Con Enrico IV di Luigi Pirandello il regista Alberto Oliva prosegue un percorso di esplorazione dei grandi autori teatrali. Dopo il Conte di Rocca Marina nel Ventaglio di Goldoni e Shylock nel Mercante di Venezia di Shakespeare, interpretati da Mino Manni, sceglie di raccontare la parabola esistenziale di un altro grande emarginato, un reietto della società, che si rinchiude in un volontario esilio di pazzia da cui uscirà allo scoperto urlando la sua rassegnazione: “mi chiamavano pazzo anche prima”.
Il protagonista del testo preferisce ricercare proustianamente il tempo passato, volgersi all’indietro per provare a vivere in un’epoca il cui destino è già scritto, in cui può isolarsi e perdersi, ma anche osservare con malizia la stupida vanità dei propri contemporanei che lo circondano, ridicolmente travestiti da buffoni. Non agisce, guarda gli altri vivere e ride della loro inadeguatezza.

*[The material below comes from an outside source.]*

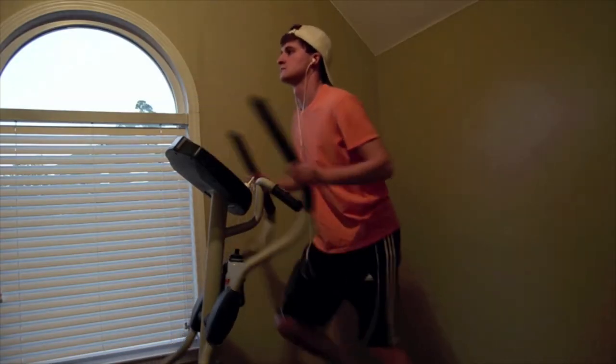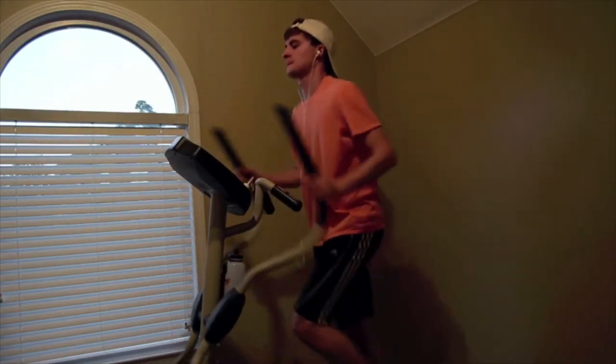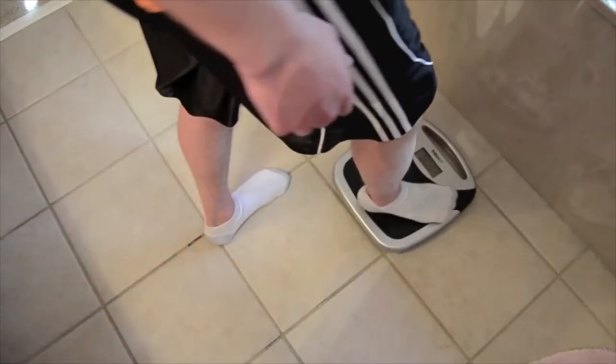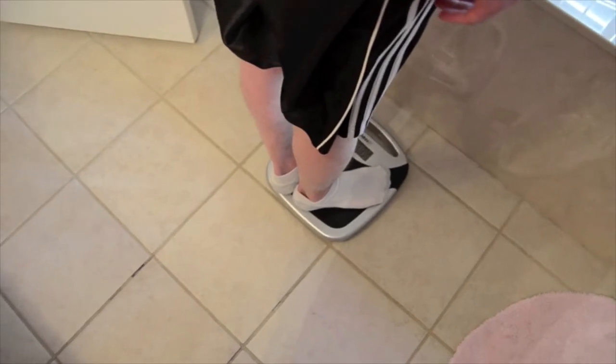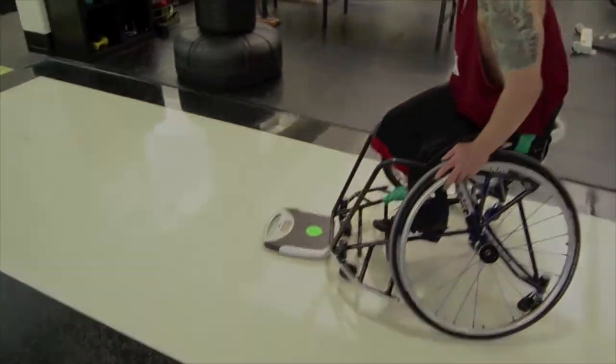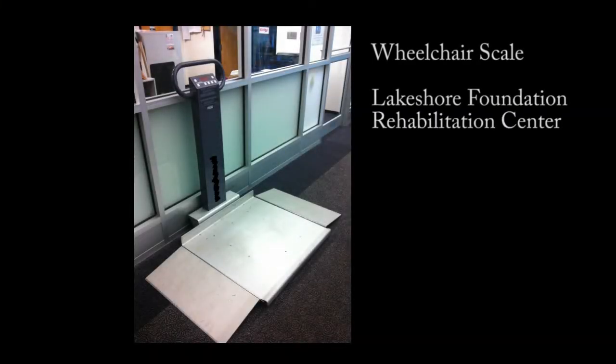The process of monitoring an individual's weight after exercise is a relatively simple process for individuals without disabilities — they simply have to walk into their bathroom to use a scale. However, as you can see here, this is not the case for individuals that use wheelchairs. Due to the size of wheelchairs, users must have access to a larger scale in order to safely and accurately measure their weight.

Colpito da un trauma fisico da cui si è risvegliato, Enrico IV si accorge di essere solo e abbandonato, e decide di intraprendere un viaggio mistico alla ricerca di se stesso. La conoscenza attraverso la sofferenza sublima questo piccolo borghese del Novecento fino alle altezze di un personaggio da tragedia greca, ma è tutto un inganno, una finzione costruita ad arte, un’illusione.